• _Directions_: Write out exactly, with both ends included, the lines that run from the line containing "Photo - Hotel Berri Versalles" to the end of the entries. Pictures are not part of the answer.

• _Entries supplied_:
***

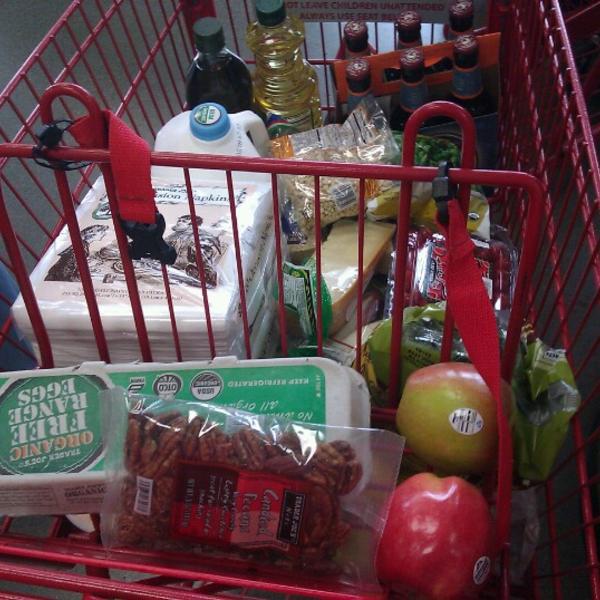 Photo taken at Trader Joe's by Rand F. on 6/23/2012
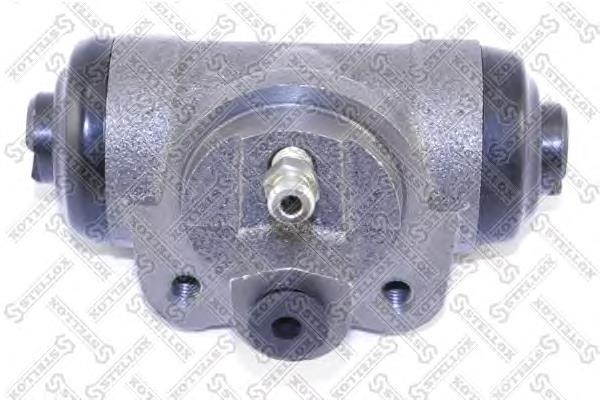Купити 0583032SX Stellox Циліндр гальмівний колісний/робітник, задній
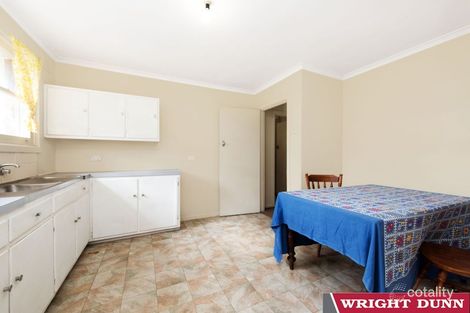 Property photo of 81 Blacket Street Downer ACT 2602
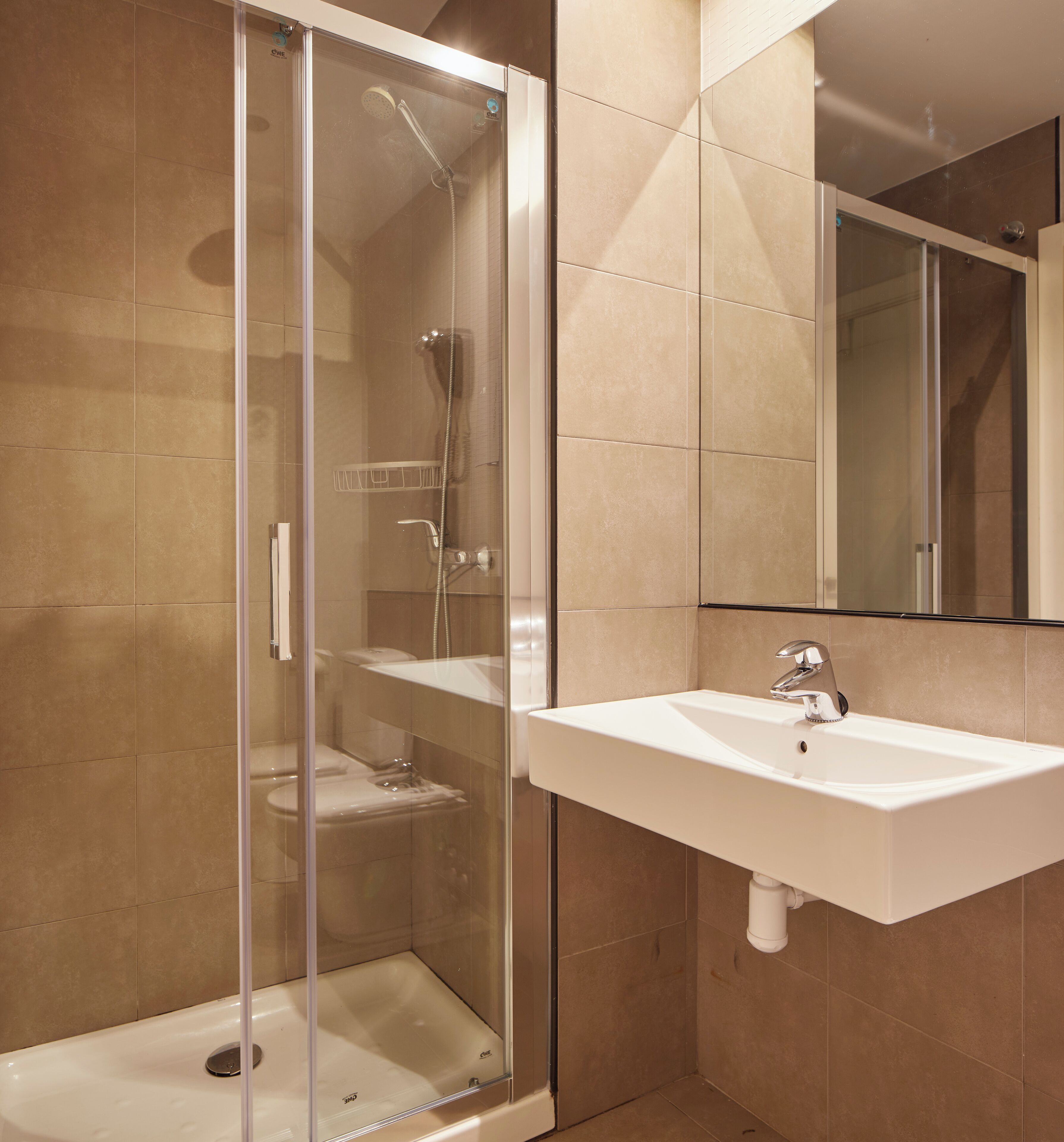 Photo - Hotel Berri Versalles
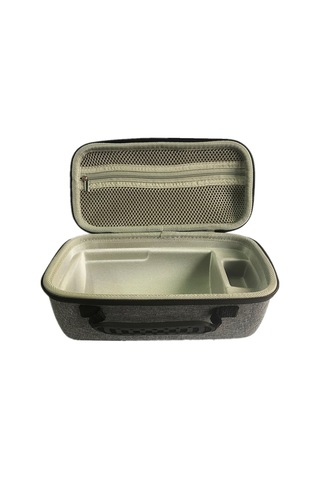 Samsung Freestyle Projektör İçin Taşıma Çantası Taşınabilir Paa5336 Gri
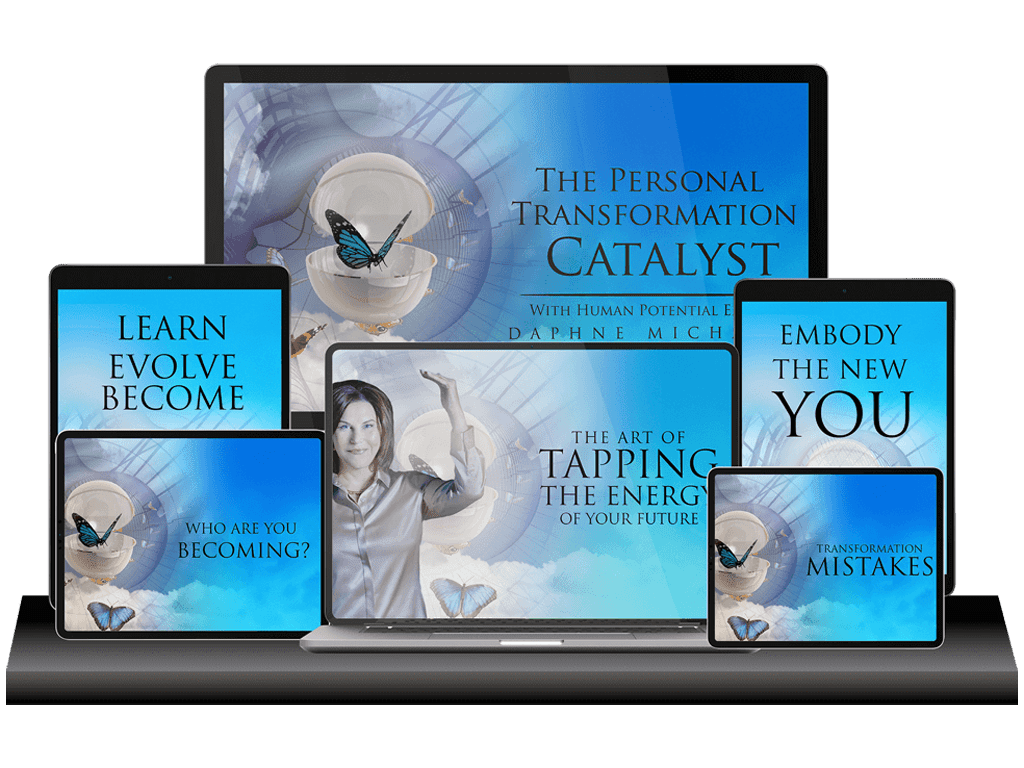 DM STORE The Personal Transformation Catalyst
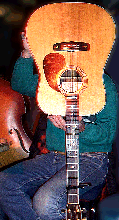 Allan Cowell
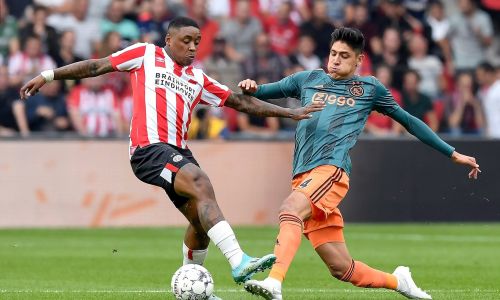 Soi kèo, dự đoán Ajax vs PSV, 1h00 ngày 8/8 Siêu Cúp Hà Lan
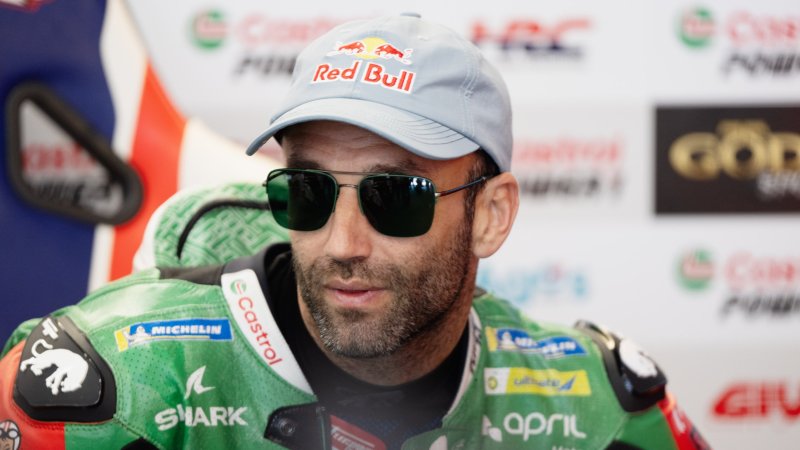 Nach Horror-GP: Zarco in Barcelona schwer verletzt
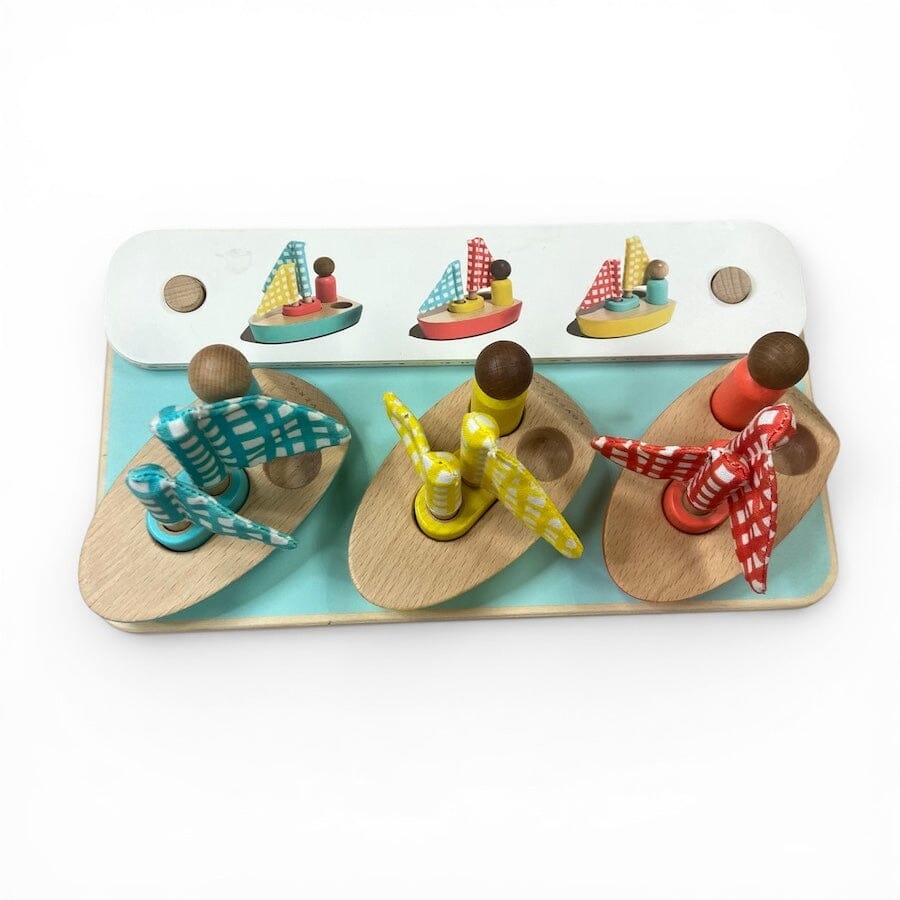 Lovevery The Analyst Play Kit Toys 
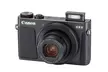 Canon PowerShot G9 X Mark II 20.1MP Digital Camera with WiFi - Second Medium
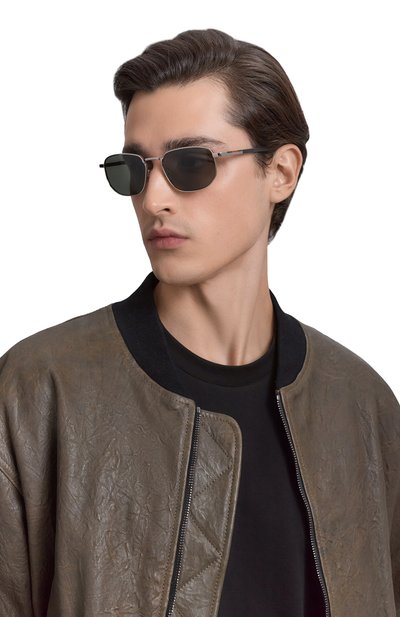 Солнцезащитные очки GUCCI, арт. GG2093S 001, фото 2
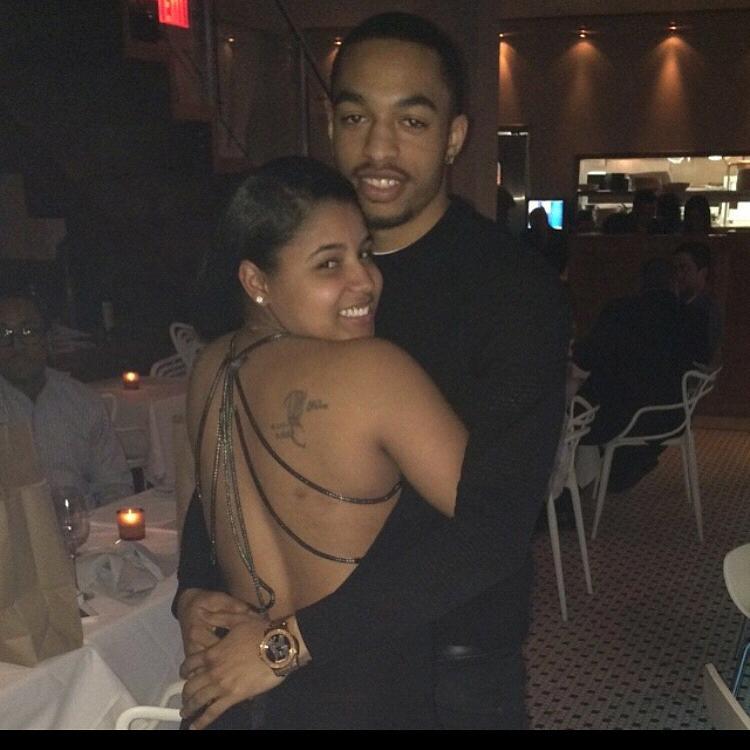 Tia's 21st Birthday 2014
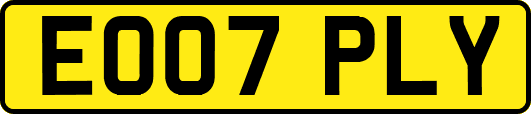 EO07PLY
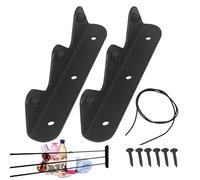 Clôture d'armoire sécurisée pour camping-car - Garde-corps avec corde de tension, pas de chute sécurisée pour camping-car, corde de tension | Supports de voyage d'aventure pour bateau de passager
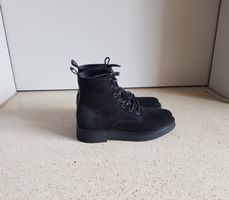 Tommy Jeans Stiefeletten Grösse 38 *NEU*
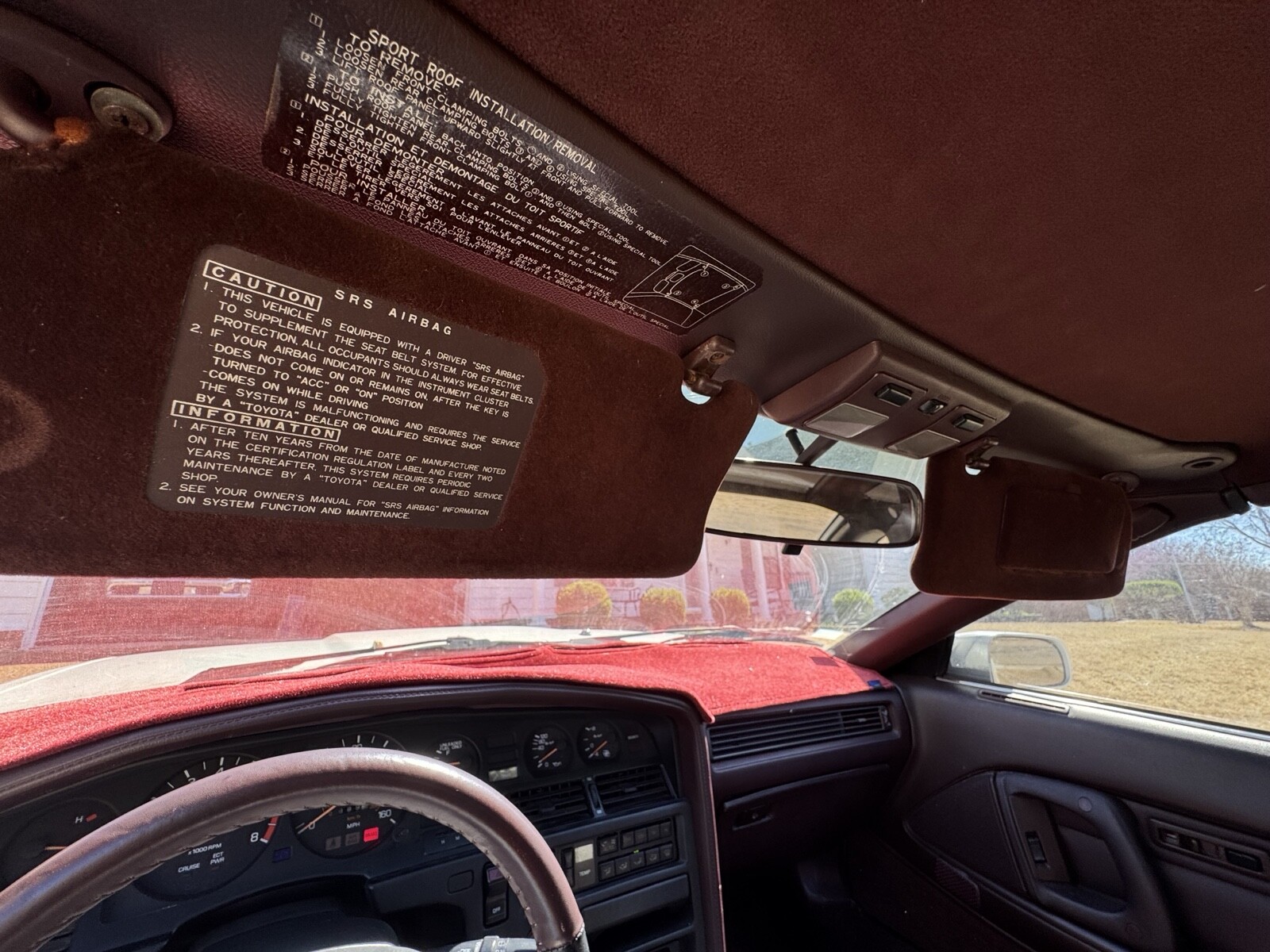 Toyota-Supra-1990-Hatchback-12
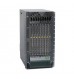 QFX3008, 8 slots A/C Base System with Redundant Dual Control Card, 8 Rear Fabric Modules, Six Redundant Power Supply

***

• _Result of this task_:
 Photo - Hotel Berri Versalles
 Samsung Freestyle Projektör İçin Taşıma Çantası Taşınabilir Paa5336 Gri
 DM STORE The Personal Transformation Catalyst
 Allan Cowell
 Soi kèo, dự đoán Ajax vs PSV, 1h00 ngày 8/8 Siêu Cúp Hà Lan
 Nach Horror-GP: Zarco in Barcelona schwer verletzt
 Lovevery The Analyst Play Kit Toys 
 Canon PowerShot G9 X Mark II 20.1MP Digital Camera with WiFi - Second Medium
 Солнцезащитные очки GUCCI, арт. GG2093S 001, фото 2
 Tia's 21st Birthday 2014
 EO07PLY
 Clôture d'armoire sécurisée pour camping-car - Garde-corps avec corde de tension, pas de chute sécurisée pour camping-car, corde de tension | Supports de voyage d'aventure pour bateau de passager
 Tommy Jeans Stiefeletten Grösse 38 *NEU*
 Toyota-Supra-1990-Hatchback-12
 QFX3008, 8 slots A/C Base System with Redundant Dual Control Card, 8 Rear Fabric Modules, Six Redundant Power Supply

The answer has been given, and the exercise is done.